You cannot see at all what happened from a YouTube clip filmed with a telephoto lens, which therefore shows no perspective at all. You people rushing to judge the skipper as an idiot are doing so without knowing anything about what really happened.

This place is my own backyard, so to speak -- just sailed through the very spot a couple of times yesterday. It is very crowded with heavy ship traffic in and out of Southampton and with up to thousands of sailboats out at any given time -- Cowes, the world's urheimat of yacht racing -- is just opposite the entrance to Southampton Water, with the Hamble -- another great center of sailing -- just on the other side of the Bramble Bank. Just yesterday I had to deal with two giant cruise ships, a gigantic container ship of 330 meters LOA (!), a number of smaller coasters, a high speed Red Jet ferry, a couple of slower Red Funnel ferries, and countless sail and power boats -- and that's just one transit of the area. To make things even more interesting, there is a huge shoal in the middle of it (the infamous Bramble Bank), and the tide rips at up to 4 knots. It is no place for the faint of heart, and "just running away" is not a valid plan for collision avoidance, as doing that will inevitably -- in such a place -- put you under the bows of a different vessel, or aground. Naturally you stay out of the shipping channels as much as possible, but you will have to at least cross them three or four times in a typical transit, and at low tide you have no choice but to use the shipping channel over much of a typical transit. AIS is enormously helpful, I have discovered this year. See: http://www.southamptonvts.co.uk/admi...%20No%2023.pdf

The collision incident took place in a special Precautionary Area where small vessels are required to observe a Moving Prohibited Zone around vessels 150 meters long and over. There was no question here about the sailboat standing on, which it certainly was not doing (and the skipper of the yacht was a serving officer in the Royal Navy, and certainly no idiot).
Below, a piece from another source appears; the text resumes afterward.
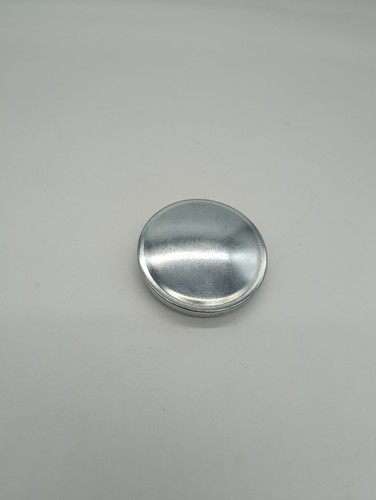 Tankdeckel tankstutzen 67mm - tankdeckel,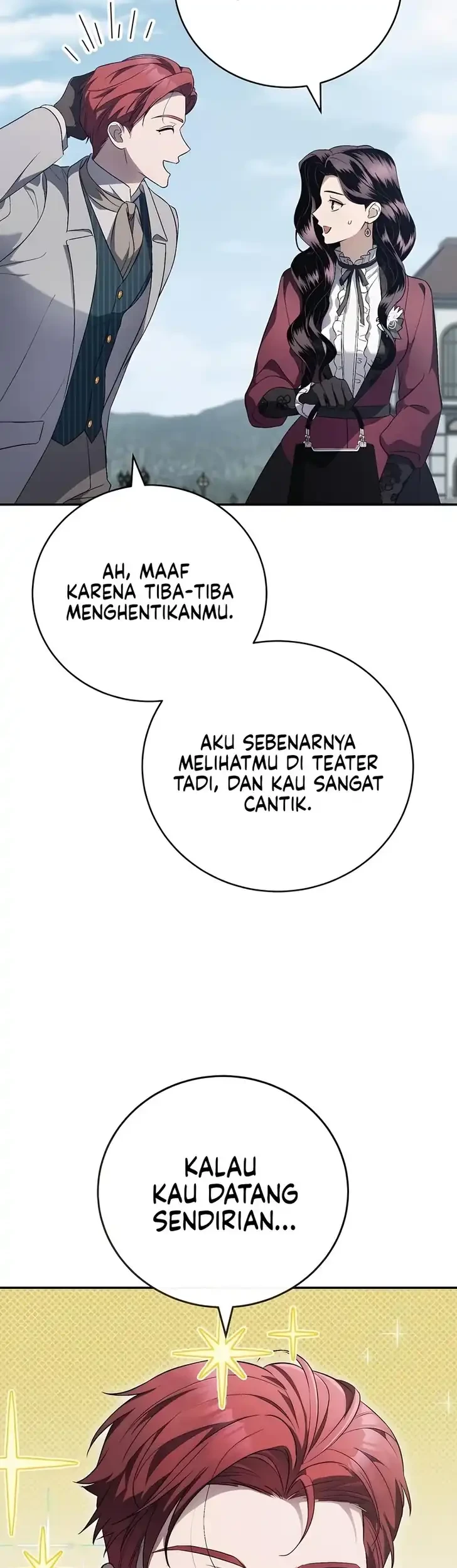 Chapter 12 - halaman 42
The word around here is that what happened was this: The tanker gave a signal for making its starboard turn up the Thorn Channel, but at that very moment noticed a powerboat with a disabled engine. In order to avoid this situation, the tanker made an unexpected port turn. The yacht skipper heard the signal for the starboard turn, and plotted his course to pass safely to the West of the turning tanker. Besides hearing the sound signal, he most likely simply knew where ships going into Southampton go, when they are coming from the East, and plotted his course to stay away from the usual path. This by itself is not unreasonable. But the tanker was turning the other way, contrary to what he signaled, and was moving into an area where ships generally don't go, putting them on a collision course. By the time the yacht skipper noticed that the tanker was turning opposite to the way it had signaled that it would turn, it was impossible to maneuver out of the way.

I am guessing that the yacht skipper is guilty anyway -- I don't think he could have performed the crossing he planned without violating the MPZ. And the whole purpose of the Cautionary Area and the MPZ's is to prevent this exact type of situation.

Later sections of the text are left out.